→ **Exercise**
Go through the records and report each line holding the string "Duty".

→ **Task data**
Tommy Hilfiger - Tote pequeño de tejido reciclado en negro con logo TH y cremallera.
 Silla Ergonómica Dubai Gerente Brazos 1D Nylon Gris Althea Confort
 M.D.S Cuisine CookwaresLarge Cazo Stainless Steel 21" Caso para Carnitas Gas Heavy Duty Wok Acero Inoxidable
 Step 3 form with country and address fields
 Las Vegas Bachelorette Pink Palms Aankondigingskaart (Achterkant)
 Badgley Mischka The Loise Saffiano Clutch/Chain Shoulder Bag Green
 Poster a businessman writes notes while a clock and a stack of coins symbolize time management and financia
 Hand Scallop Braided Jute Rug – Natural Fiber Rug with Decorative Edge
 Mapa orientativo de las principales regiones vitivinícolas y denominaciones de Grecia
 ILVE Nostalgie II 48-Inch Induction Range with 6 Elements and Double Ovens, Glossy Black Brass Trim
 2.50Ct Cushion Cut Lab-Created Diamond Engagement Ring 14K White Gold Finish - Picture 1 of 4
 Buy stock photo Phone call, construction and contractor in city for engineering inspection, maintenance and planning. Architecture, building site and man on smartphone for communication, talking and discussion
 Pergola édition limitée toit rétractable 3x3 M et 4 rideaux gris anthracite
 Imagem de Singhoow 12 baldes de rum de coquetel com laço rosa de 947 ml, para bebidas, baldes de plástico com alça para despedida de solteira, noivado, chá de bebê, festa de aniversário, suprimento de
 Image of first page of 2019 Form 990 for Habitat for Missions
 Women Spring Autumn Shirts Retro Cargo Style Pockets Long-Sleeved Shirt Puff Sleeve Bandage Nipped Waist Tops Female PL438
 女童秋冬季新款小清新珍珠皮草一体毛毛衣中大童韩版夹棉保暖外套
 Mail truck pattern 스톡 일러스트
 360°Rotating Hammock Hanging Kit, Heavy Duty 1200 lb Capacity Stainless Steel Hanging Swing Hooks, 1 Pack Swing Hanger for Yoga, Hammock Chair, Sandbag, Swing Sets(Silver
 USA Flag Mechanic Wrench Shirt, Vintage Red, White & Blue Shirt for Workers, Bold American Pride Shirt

→ **Reply**
 M.D.S Cuisine CookwaresLarge Cazo Stainless Steel 21" Caso para Carnitas Gas Heavy Duty Wok Acero Inoxidable
 360°Rotating Hammock Hanging Kit, Heavy Duty 1200 lb Capacity Stainless Steel Hanging Swing Hooks, 1 Pack Swing Hanger for Yoga, Hammock Chair, Sandbag, Swing Sets(Silver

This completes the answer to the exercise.